In a way, I think that Spelljammer needs that sort of fakeness more than science fiction. I would say that 99 percent of shipboard action takes place at tactical speed (instead of spelljammer speed), and if a ship is nearby a bunch of rocks or a giant gas cloud you can imagine it being delayed for long enough for a pirate ship to make an ambush attack.

I think the part of a spelljamming voyage that occured at spelljamming speed would largely be mundane. That isn't to say that one or two pictures couldn't be interesting, but they would probably need to be non-combat pictures that focus on the characters on a ship. I suppose a bored spacehand leaning on the rail of a fast moving ship could be interesting. Especially if the "camera" was to pull back and reveal a scavver swimming along in the air envelope of the ship huging the bottom of the hull and waiting for the right time to strike.

I'm not entirely sure how spelljamming speed could be conveyed. Star Wars used a bunch of white lines to represent hyperspace, but spelljamming speed isn't really that fast. (I suppose you would need to have a ship passing an asteroid without getting close enough to drop to tactical speed. If you did that you could have a _slight_ blur that people would take as a "shutter speed" artifact.)

I suspect that spelljammer speed is something that could only be conveyed by an animated movie that had the ship approach the camera, pull alongside and then fly off into the distance. If that was done, small objects (that don't drop ships to tactical speed) could be seen to be whizzing past in the opposite direction to convey the speed.

Something I don't recall seeing too much of is Phlogiston based art. _Star Trek II: The Wrath of Khan_ had some really evocative scenes where ships vanished into the background of a nebula. Again, I suspect that animation (rather than static pictures) might be needed to convey the constantly changing nature of the flow.

I think that an animation of someone casting the Create Portal spell and allowing their ship to pass through the portal could be something that would be an interesting way to show the contrast between The Flow and the blackness of wildspace. And, although I don't recall seeing any description of the part of the crystal sphere between the inside and the outside, I think it could be interesting to make that part of the sphere glow or flash while an artificial portal is opening.

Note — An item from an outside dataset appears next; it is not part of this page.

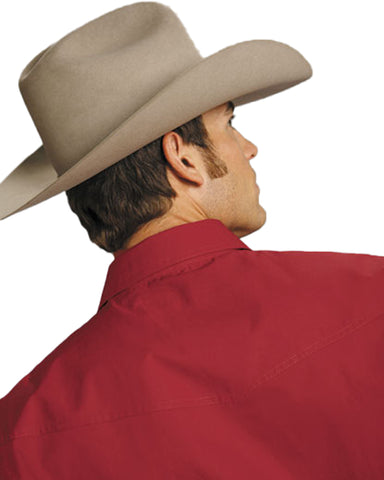 Men's Solid Poplin Long Sleeve Western Shirt - Red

Silverblade The Ench said:


> are you scrying my computer, by any chance? Hm...
> Wait to you see what I'm cooking up, at the moment!
> _Muahahaha_!!!




I can wait. Eventually you will churn out a ton of cool new stuff. (Maybe even that 3D Whaleship that somebody else is dying for you to make.)



Silverblade The Ench said:


> And that'd be a dream!! I was sort of published in Dragon mag (my Tradesman design/artwork was used for a painting), but I've always adored Spelljammer's (and Dark Sun) look/art. Just gave me so much, loved the artists, be otustanding to be in a Spelljammer 4th ed book!!!




Well, I am certainly not in charge of the SPELLJAMMER for D&D 3e project, but they are going to need at least three covers for the forthcoming Player's Guide to Spelljammer, Ships in Wildspace and Monsters of Wildspace PDFs and anything else that comes out.

I would be disapointed if Ships in Wildspace didn't have *your* artwork on the front cover.



Silverblade The Ench said:


> In the style of Minsc:
> _"GIFF FOR EVERYONE!!"_




Erm? Minsc?

<tappity, tap, tap, "google", tap, tap, tap, aha!>

I have lost myself in your words but Boo thinks you're just ducky.

<phew!>


----------



## Whitemouse (Sep 15, 2008)

Big Mac said:


> Well, I am certainly not in charge of the SPELLJAMMER for D&D 3e project, but they are going to need at least three covers for the forthcoming Player's Guide to Spelljammer, Ships in Wildspace and Monsters of Wildspace PDFs and anything else that comes out.
> 
> I would be disapointed if Ships in Wildspace didn't have *your* artwork on the front cover.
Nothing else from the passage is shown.